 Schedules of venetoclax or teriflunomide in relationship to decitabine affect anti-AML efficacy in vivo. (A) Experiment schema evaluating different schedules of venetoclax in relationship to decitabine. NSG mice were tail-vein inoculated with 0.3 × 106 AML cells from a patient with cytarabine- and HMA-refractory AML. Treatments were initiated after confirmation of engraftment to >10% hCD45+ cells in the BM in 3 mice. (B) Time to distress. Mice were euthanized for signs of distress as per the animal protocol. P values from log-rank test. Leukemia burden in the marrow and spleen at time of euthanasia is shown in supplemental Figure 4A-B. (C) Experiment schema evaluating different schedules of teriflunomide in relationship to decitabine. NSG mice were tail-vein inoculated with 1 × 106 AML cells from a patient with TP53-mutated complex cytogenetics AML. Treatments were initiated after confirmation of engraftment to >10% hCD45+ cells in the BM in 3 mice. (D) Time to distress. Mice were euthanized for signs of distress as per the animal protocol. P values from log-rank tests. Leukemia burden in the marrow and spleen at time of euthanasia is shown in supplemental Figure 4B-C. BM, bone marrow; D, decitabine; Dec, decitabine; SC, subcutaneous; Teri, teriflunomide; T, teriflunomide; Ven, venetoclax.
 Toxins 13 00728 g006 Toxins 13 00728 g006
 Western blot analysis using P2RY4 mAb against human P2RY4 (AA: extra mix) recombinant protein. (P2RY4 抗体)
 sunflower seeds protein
=-=-=
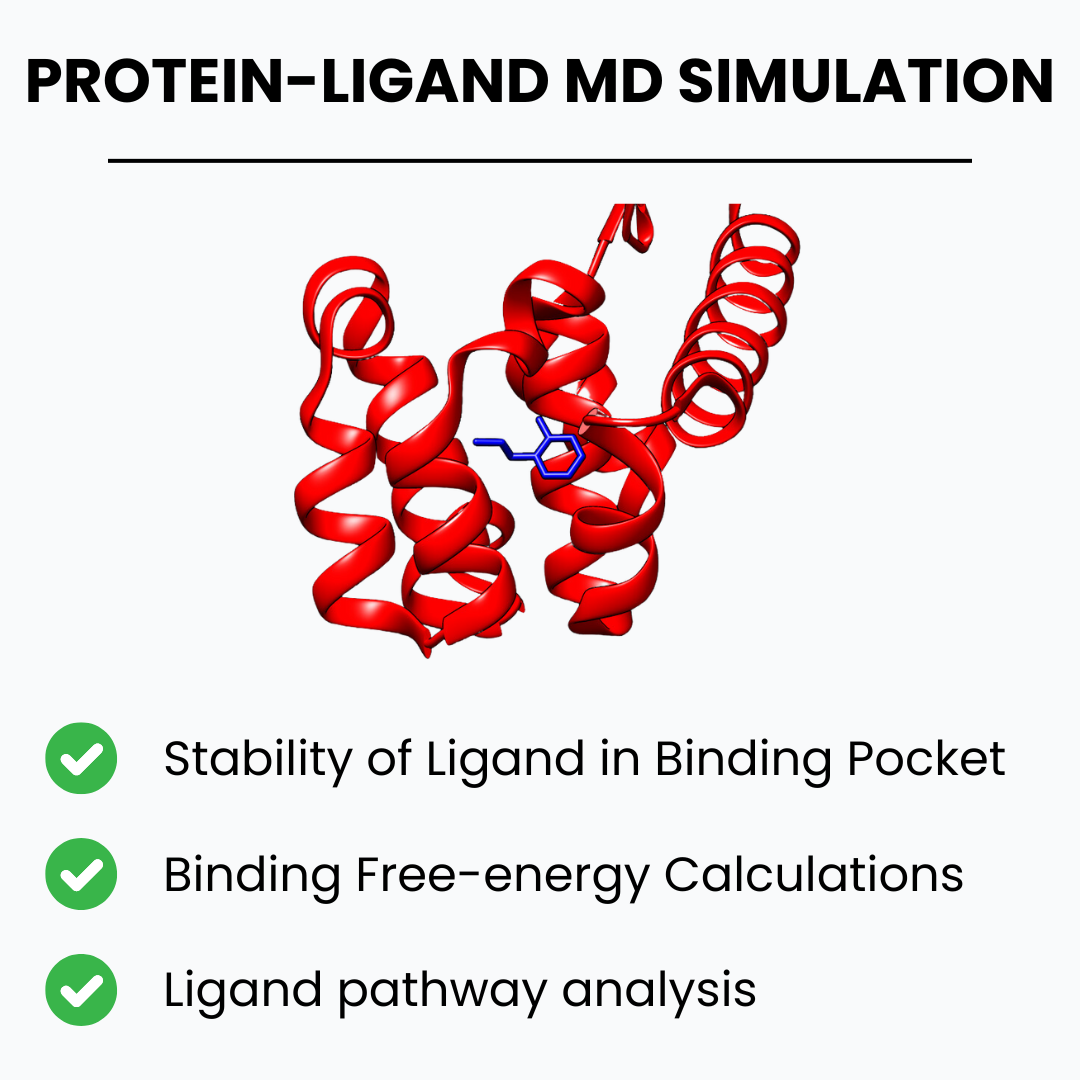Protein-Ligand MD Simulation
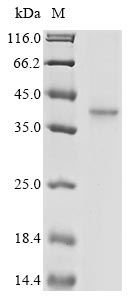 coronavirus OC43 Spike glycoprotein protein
=-=-=
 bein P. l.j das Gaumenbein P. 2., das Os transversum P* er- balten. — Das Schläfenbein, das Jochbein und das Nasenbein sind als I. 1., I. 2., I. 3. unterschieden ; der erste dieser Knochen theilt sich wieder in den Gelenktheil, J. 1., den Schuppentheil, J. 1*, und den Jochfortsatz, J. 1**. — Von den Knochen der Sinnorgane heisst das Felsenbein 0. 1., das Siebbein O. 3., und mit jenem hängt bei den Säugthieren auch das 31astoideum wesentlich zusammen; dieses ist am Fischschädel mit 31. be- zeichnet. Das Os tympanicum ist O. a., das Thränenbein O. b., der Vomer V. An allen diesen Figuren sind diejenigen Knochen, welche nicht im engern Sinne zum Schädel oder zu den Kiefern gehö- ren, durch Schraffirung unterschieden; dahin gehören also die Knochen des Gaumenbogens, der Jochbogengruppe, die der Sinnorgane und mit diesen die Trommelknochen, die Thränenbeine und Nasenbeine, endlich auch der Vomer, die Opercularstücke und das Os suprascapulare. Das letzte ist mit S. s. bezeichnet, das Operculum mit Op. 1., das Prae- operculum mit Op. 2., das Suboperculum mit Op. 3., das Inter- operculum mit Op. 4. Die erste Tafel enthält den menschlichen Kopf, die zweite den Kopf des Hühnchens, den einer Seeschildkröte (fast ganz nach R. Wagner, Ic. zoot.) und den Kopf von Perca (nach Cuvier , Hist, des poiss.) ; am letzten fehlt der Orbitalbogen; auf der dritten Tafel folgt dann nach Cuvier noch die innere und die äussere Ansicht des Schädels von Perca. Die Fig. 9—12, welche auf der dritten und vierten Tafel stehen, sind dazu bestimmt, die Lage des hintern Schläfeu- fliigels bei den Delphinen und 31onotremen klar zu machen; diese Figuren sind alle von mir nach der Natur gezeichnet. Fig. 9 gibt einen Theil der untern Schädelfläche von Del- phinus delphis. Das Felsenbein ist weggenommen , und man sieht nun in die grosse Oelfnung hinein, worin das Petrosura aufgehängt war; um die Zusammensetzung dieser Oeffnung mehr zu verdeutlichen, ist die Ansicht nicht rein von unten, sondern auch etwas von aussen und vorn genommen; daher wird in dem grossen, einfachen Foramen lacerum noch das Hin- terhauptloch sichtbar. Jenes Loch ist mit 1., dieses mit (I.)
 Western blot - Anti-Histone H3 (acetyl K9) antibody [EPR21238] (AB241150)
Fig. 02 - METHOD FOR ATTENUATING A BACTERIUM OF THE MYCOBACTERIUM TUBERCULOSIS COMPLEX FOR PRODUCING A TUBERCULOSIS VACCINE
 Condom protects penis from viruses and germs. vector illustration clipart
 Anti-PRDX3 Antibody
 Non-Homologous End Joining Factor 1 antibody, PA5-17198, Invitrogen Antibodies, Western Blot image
=-=-=
◆ Instructions to follow ◆
Using the material above, filter for lines holding "Western" and copy each one.

◆ Written solution ◆
 Western blot analysis using P2RY4 mAb against human P2RY4 (AA: extra mix) recombinant protein. (P2RY4 抗体)
 Western blot - Anti-Histone H3 (acetyl K9) antibody [EPR21238] (AB241150)
 Non-Homologous End Joining Factor 1 antibody, PA5-17198, Invitrogen Antibodies, Western Blot image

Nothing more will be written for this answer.